Step 3: Select a Template
Choose RunPod PyTorch 2.4+ template, which includes:
- CUDA 12.4
- Python 3.11
- PyTorch 2.4
- 50 GB disk (increase to 100 GB for training output)
Pod configuration:
- Container disk: 20 GB
- Volume disk: 100 GB (persistent — survives pod restarts)
- Expose ports: 8888 (Jupyter), 22 (SSH)
Step 4: Connect via SSH
# RunPod provides an SSH command — copy it from the pod dashboard:
ssh root@<pod-ip> -p <port> -i ~/.ssh/id_rsa
# First time: add your SSH key in RunPod Settings → SSH Keys
Or use the web terminal in the RunPod dashboard (no SSH setup needed).
Step 5: Set Up the Training Environment
# Connect to your pod
# Clone AuroraSOC
git clone https://github.com/your-org/AuroraSOC.git
cd AuroraSOC
# Install dependencies
pip install -e ".[training]"
# Verify GPU
python -c "import torch; print(f'GPU: {torch.cuda.get_device_name(0)}'); print(f'VRAM: {torch.cuda.get_device_properties(0).total_mem / 1e9:.1f} GB')"
# GPU: NVIDIA GeForce RTX 3090
# VRAM: 24.0 GB
# Verify Unsloth
python -c "from unsloth import FastLanguageModel; print('Unsloth ready!')"
Step 6: Run Training
# Prepare datasets
make train-data
# Train generic model (all domains)
make train
# Train per-agent specialists
python training/scripts/train_all_agents.py
# Or train a single agent:
python training/scripts/finetune_granite.py \
--config training/configs/granite_soc_finetune.yaml \
--agent malware_analyst
Expected training times (RTX 3090, Granite 4 H-Small):
| Step | Duration | Cost |
|---|---|---|
| Dataset preparation | 5 min | $0.06 |
| Generic model training | 25 min | $0.29 |
| Per-agent training (×9 agents) | 3-4 hours | $2.30-2.76 |
| Evaluation | 10 min | $0.12 |
| GGUF export | 15 min | $0.17 |
| Total | ~4.5 hours | ~$3.10 |
Step 7: Export & Download
# Export to GGUF
make train-export
# Download to local machine (from your LOCAL terminal):
scp -P <port> root@<pod-ip>:/workspace/AuroraSOC/training/output/gguf/*.gguf ./models/
# Or use RunPod's file browser in the web UI
Step 8: Stop the Pod
Always stop your pod when done!
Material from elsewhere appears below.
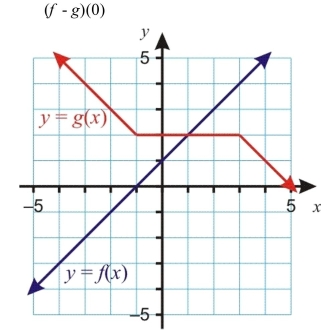 <strong>Approximate the function value from the graph. </strong> A) 2 B) 1 C) 0 D) -1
RunPod charges by the hour. An idle RTX 3090 pod costs $0.69/hr = $16.56/day.
# From RunPod dashboard: Click "Stop" on your pod
# Your /workspace volume persists — you can restart later without losing data
Lambda Labs
Lambda Labs offers on-demand A100 instances with a clean Ubuntu environment. Good for larger models (12B+).
Quick Start
# 1. Create account at lambdalabs.com
# 2. Launch instance: 1x A100 (40 GB) at $1.29/hr
# 3. SSH in:
ssh ubuntu@<instance-ip>
# 4. Set up environment
sudo apt update && sudo apt install -y git python3-pip
git clone https://github.com/your-org/AuroraSOC.git
cd AuroraSOC
pip install -e ".[training]"
# 5. Run training (same commands as RunPod)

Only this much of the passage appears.